**Instructions to follow:** Your task is to output, without alteration, each line from the one containing "LUX 麗仕 Super Rich Crystal護色修護洗髮露, 1瓶, 450g" through the final line of the records below.

**Entries provided:**
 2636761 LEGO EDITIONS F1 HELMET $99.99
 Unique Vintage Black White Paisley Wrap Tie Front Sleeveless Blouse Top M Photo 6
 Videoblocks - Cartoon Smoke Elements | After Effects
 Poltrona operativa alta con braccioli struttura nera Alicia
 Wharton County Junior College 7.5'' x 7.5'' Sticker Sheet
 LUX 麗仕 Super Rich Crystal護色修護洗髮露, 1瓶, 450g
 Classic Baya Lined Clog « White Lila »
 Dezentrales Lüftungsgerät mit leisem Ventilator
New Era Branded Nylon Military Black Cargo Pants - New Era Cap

**Solution to the exercise:**
 LUX 麗仕 Super Rich Crystal護色修護洗髮露, 1瓶, 450g
 Classic Baya Lined Clog « White Lila »
 Dezentrales Lüftungsgerät mit leisem Ventilator
New Era Branded Nylon Military Black Cargo Pants - New Era Cap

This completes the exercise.